We’ll provide an overview of standard HPC terminology, Slurm’s historical focus on MPI workloads, and how Slurm’s resource allocation flags align with modern parallel computing practices. This overview will help you optimize your Slurm job submissions, whether you’re running simple or hybrid parallel jobs.
Slurm’s historical focus on MPI workloads
It helps to have some background context of Slurm’s history and that of the HPC landscape in general.
When Slurm first released in 2002, HPC was mainly used by fields like geophysics and computational chemistry, which have massively parallel simulation work. These fields largely relied on running tightly-connected parallel simulations and communication across multiple nodes. The majority of these simulations used the Message Passing Interface (MPI) for communication between tasks.
MPI follows a task-based parallelization paradigm. A task-based parallelization paradigm means that when you run an MPI program for n tasks, you’re launching n independent copies of the program that are collected into the communication “world” and assigned a number (“rank,” in MPI terminology) to govern which task communicates with which other tasks.
For that reason, Slurm was developed with MPI workloads in mind. The main problem to solve at the time was how to launch these MPI tasks on separate servers and facilitate the communication between them. To the MPI, it matters very little whether task A or task B are on the same node or not. The MPI just needs to know where to look and what protocol to use to send the data.
What does this mean for Slurm now?
Since the task-based parallelization paradigm was the prevailing paradigm during Slurm’s development, tasks are Slurm’s main unit of work. The flag -n
refers to tasks, which default to one CPU core each (more on that in a minute). In an MPI program, you use -n
to specify the total number of tasks you want to start up. Then, in the batch script, you invoke n
copies of your MPI program with srun
, which Slurm knows how to start up on the appropriate node using the appropriate resources.
MPI is fantastic, but it has a critical weakness (though weakness is debatable, it’s simply a feature of the parallelization method). By default, each MPI task manages its own memory without the ability to access the memory of other tasks within the same communication world. So, if task A needs to tell task B something, task A needs to explicitly send it to task B. Task B can’t just look at task A’s memory and retrieve it itself. (Note: this is now an oversimplification - MPI-3 standard has tools for true shared memory models. However, distributed memory is still the default).
Introduction to OpenMP
Around the same time as MPI development, OpenMP emerged in the 90s as a method to standardize parallelization.
Unlike MPI, OpenMP operates by default with shared memory. Each OpenMP thread has access to the same memory and can read or write to it when necessary. This has some major advantages:
- There’s no need for threads to send or wait to receive information from other threads.
- There’s a lot less data duplication overall, generally resulting in a lower memory footprint.

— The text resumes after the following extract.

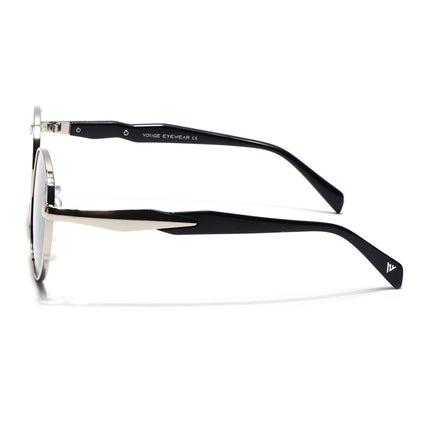 Round Sunglasses for Men & Women (Grey Lens | Silver Frame - MG7142)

However, this doesn’t work when multiple servers need to work together to solve a problem. If there is a problem so complex that it needs the computing power of multiple servers working together, the shared memory model used by OpenMP becomes insufficient because OpenMP relies on a single shared memory space that works well within only one server.
The best of both worlds: hybrid parallelization programming
Computational scientists developed methods like hybrid parallelization programming to leverage the best of both worlds: MPI and OpenMP working together.
In this method, MPI serves as the top layer of parallelization method to ensure the workload can scale between servers. Then, each task uses OpenMP within itself to leverage multiple cores for local computation. So, if you have a node of 16 cores, you could now use 4 MPI tasks which each use 4 OpenMP threads.
Slurm incorporated this paradigm by separating the concept of the task from cores. The flag that is used to set “cores per task” is actually --cpus-per-task=X
, which causes confusion since it’s not using the standard definition of a CPU.
Standard terminology
So, what is standard terminology then? Here’s the terminology that tends to be largely agreed upon (from smallest to largest unit):
Threads: More of a software concept than hardware. A thread is essentially just executing a sequence of instructions.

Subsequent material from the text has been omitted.